In this paper, an image classification model based on BERT, the so-called D²BERT, has been proposed. It relies upon a dual-dimensional spatial-spectral classification in which global and local relations and dependencies among neighboring pixels are investigated, considering both the spatial and spectral domains. D²BERT exploits two BERT modules to explore spatial and spectral dependencies among pixels belonging to a selected region. The intermediate information coming from different layers of the BERT modules has been considered in the loss function, improving the performance of the model. Experimental results demonstrated the high accuracy of the proposed model outperforming state-of-the-art CNN, transformer, and BERT methods.

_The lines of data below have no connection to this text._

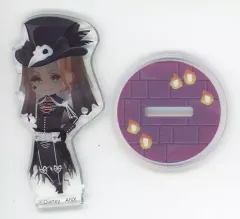 【中古】アクリルスタンド・アクリルパネル ケイト・ダイヤモンド 「ディズニー ツイステッドワンダーランド ミニアクリルスタンドコレクションvol.5 スケアリー・ドレスver.」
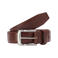 Jan Vanderstorm leren riem Plus Size
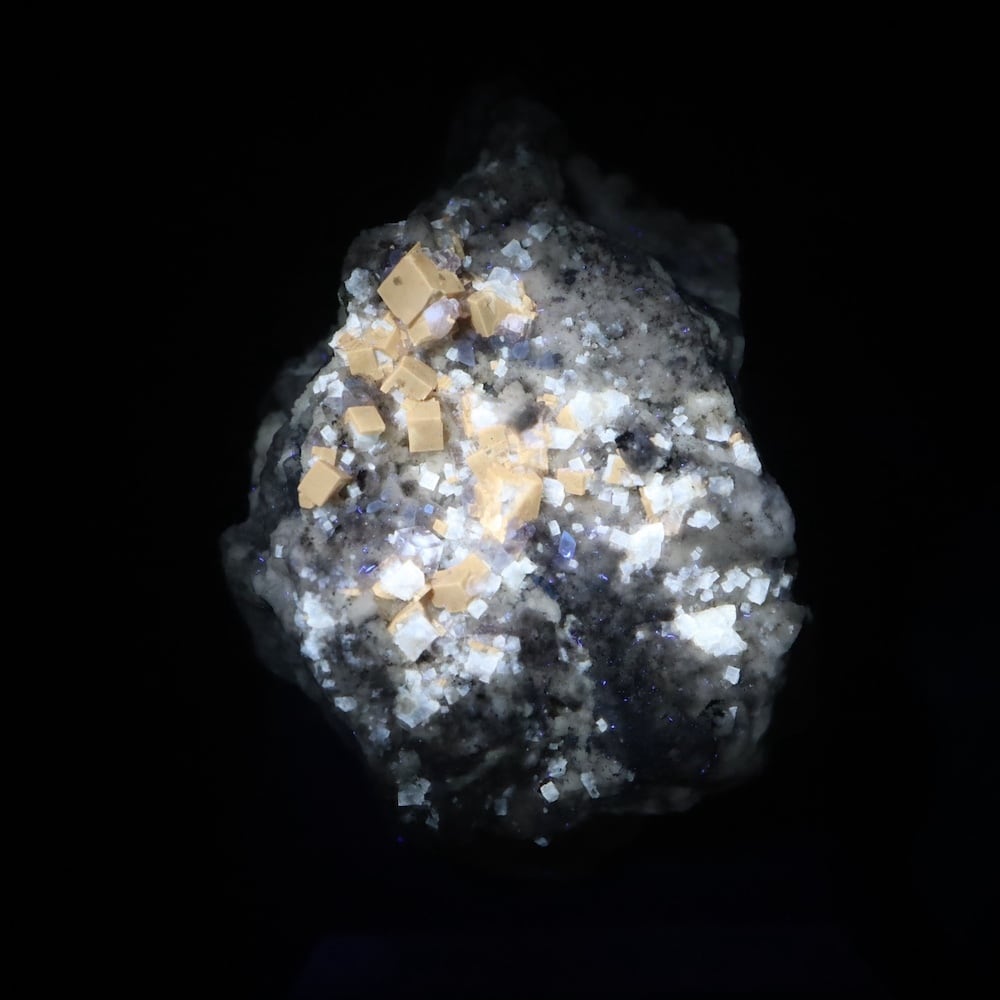 ユニーク！蛍石 フローライト 24.7g 原石 FL588 鉱物 天然石 | 鉱物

Experimental results on two benchmark datasets demonstrated the effectiveness of D²BERT. On the PU dataset with 200 training samples, D²BERT achieved an OA of 99.79%, outperforming the second-best method (HSI-BERT) by over 0.04%. On the more challenging IP dataset, D²BERT attained an overall accuracy of 99.76%, outperforming the second-best method (HSI-BERT) by over 0.2%. When limited training data (50 samples) was used, D²BERT improved overall accuracy over HSI-BERT by 1.18% on PU and 1.94% on IP, validating its advantages in low data regimes. Ablation studies showed removing either the spectral branch or multi-supervision lowered accuracy, demonstrating the importance of both contributions.